PROBLEM
An exact copy of the lines from the one containing "From Martial Arts" through the final line of the records is the only acceptable answer.

(Records contained in a dataset)
+---+

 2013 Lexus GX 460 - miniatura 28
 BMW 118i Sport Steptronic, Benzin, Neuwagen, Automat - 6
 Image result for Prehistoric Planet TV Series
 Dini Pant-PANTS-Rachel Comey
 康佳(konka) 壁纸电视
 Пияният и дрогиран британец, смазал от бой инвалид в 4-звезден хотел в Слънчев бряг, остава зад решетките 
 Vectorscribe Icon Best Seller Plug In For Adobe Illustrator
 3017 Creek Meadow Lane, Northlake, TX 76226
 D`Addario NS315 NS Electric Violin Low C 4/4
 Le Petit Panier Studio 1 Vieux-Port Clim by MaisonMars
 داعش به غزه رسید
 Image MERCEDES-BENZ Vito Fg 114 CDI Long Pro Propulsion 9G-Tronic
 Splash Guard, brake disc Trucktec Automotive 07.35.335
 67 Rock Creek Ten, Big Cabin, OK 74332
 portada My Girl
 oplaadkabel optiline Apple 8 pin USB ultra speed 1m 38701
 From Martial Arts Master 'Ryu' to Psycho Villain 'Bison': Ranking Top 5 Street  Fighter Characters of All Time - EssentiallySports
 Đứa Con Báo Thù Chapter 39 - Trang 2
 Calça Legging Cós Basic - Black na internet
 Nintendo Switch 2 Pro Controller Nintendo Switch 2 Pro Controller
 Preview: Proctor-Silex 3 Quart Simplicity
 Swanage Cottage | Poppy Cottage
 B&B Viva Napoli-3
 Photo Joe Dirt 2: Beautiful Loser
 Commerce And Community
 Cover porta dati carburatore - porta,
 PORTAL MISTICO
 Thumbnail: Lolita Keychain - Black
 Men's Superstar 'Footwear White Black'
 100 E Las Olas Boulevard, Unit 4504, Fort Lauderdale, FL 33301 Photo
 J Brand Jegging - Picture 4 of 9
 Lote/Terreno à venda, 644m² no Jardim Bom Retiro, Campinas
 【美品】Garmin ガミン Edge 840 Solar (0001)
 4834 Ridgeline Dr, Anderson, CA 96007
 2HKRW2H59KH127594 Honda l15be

+---+

RESPONSE TO THE TASK
 From Martial Arts Master 'Ryu' to Psycho Villain 'Bison': Ranking Top 5 Street  Fighter Characters of All Time - EssentiallySports
 Đứa Con Báo Thù Chapter 39 - Trang 2
 Calça Legging Cós Basic - Black na internet
 Nintendo Switch 2 Pro Controller Nintendo Switch 2 Pro Controller
 Preview: Proctor-Silex 3 Quart Simplicity
 Swanage Cottage | Poppy Cottage
 B&B Viva Napoli-3
 Photo Joe Dirt 2: Beautiful Loser
 Commerce And Community
 Cover porta dati carburatore - porta,
 PORTAL MISTICO
 Thumbnail: Lolita Keychain - Black
 Men's Superstar 'Footwear White Black'
 100 E Las Olas Boulevard, Unit 4504, Fort Lauderdale, FL 33301 Photo
 J Brand Jegging - Picture 4 of 9
 Lote/Terreno à venda, 644m² no Jardim Bom Retiro, Campinas
 【美品】Garmin ガミン Edge 840 Solar (0001)
 4834 Ridgeline Dr, Anderson, CA 96007
 2HKRW2H59KH127594 Honda l15be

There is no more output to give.